From NetarchiveSuite 7.0, the software supports an alternative backend based largely on off-the-shelf components, which reduces the maintainance burden of the NetarchiveSuite installation itself. This architecture has been successfully implemented at the Danish Netarkivet, leveraging existing experience in usage of bitrepository.org and hadoop software. It must, however, be emphasised that it is a complex operation to establish such an architecture and that the necessary services come with their own maintenance burden. In the following we give a brief description of the components involved. Anyone considering implementing such an architecture themselves is advised to contact Netarkivet at the Royal Danish Library for further advice.

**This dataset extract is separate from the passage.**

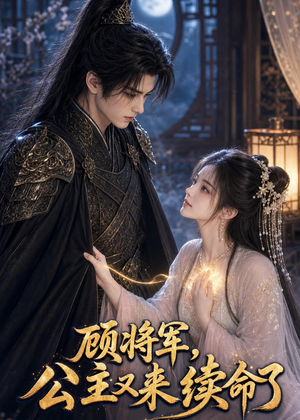顾将军，公主又来续命了（92集）热门情感家庭短剧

Bitrepository Configuration
The new architecture is enabled by specifying dk.netarkivet.archive.arcrepository.distribute.BitmagArcRepositoryClient
as the value of the configuration parameter settings.common.arcrepositoryClient.class
.
With this set, the rest of the arcrepositoryClient settings look like:
<arcrepositoryClient> <class>dk.netarkivet.archive.arcrepository.distribute.BitmagArcRepositoryClient</class> <bitrepository> <storeMaxPillarFailures>0</storeMaxPillarFailures> <store_retries>3</store_retries> <retryWaitSeconds>1800</retryWaitSeconds> <tempdir>arcrepositoryTemp</tempdir> <collectionID>netarkiv</collectionID> <usepillar>netarkivonline1</usepillar> <getTimeout>300000</getTimeout> <getFileIDsMaxResults>10000</getFileIDsMaxResults> <keyfilename>client-certkey.pem</keyfilename> <!-- <settingsDir> element is set per location or machine below --> </bitrepository> </arcrepositoryClient>
Note in particular that <settingsDir> points to a directory containing a complete set of bitrepository.org RepositorySettings and ReferenceSettings. The specified keyfile lies inside this directory. The RepositorySettings must grant relevant permissions to the NetarchiveSuite application based on the provided key. For HarvestController applications, these are PutFile permissions to enable upload. For the NetarchiveSuite webGUI, Viewerproxy, and IndexServer application these are GetFileIDs and GetFile permissions.